■ To do
The answer must be every line of the records below that contains the word "Avenue", copied out.

■ Data

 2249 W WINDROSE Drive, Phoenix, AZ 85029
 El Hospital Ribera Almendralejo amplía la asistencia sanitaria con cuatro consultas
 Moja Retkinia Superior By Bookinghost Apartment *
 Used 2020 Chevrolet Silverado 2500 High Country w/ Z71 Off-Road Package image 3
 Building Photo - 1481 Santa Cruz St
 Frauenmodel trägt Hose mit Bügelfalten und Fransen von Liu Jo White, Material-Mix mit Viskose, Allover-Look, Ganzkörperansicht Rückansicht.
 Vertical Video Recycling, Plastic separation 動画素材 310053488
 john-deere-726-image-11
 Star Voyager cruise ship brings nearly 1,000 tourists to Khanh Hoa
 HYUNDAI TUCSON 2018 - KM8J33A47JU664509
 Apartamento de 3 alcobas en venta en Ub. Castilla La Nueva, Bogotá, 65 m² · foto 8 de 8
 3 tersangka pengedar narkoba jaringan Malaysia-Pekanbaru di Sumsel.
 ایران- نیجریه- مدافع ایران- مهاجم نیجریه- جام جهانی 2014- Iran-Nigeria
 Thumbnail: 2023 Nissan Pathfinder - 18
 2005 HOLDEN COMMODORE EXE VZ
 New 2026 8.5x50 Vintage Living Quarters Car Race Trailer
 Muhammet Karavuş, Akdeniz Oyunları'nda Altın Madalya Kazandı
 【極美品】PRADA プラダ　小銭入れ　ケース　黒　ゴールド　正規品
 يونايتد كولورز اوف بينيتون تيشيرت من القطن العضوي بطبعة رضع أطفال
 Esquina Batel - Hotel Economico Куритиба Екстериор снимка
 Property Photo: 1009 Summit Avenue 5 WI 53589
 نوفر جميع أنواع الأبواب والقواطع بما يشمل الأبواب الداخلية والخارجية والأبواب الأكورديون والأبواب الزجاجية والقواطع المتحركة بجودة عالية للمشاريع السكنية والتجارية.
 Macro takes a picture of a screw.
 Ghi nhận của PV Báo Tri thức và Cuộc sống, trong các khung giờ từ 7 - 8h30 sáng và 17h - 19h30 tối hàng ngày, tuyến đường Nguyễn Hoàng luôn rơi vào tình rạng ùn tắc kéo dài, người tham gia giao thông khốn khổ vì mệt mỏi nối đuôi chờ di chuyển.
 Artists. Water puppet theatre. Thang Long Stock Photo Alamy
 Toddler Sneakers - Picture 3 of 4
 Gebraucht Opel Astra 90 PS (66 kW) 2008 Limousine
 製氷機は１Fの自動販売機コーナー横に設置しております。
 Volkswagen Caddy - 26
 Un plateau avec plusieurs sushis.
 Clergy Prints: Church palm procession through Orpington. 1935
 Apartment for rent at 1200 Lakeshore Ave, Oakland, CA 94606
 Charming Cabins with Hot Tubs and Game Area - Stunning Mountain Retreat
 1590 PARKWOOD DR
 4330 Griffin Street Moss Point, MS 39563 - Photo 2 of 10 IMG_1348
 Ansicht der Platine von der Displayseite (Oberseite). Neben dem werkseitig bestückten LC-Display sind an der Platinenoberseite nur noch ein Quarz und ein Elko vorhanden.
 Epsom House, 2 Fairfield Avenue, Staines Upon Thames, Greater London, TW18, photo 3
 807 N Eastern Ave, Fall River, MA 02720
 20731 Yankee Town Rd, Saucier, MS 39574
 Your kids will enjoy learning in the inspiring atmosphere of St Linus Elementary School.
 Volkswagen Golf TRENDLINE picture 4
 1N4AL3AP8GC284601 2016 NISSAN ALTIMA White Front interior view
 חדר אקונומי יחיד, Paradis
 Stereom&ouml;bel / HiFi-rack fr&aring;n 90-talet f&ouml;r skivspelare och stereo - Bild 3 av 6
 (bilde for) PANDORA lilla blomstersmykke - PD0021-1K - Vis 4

■ Answer for this exercise
 Property Photo: 1009 Summit Avenue 5 WI 53589
 Epsom House, 2 Fairfield Avenue, Staines Upon Thames, Greater London, TW18, photo 3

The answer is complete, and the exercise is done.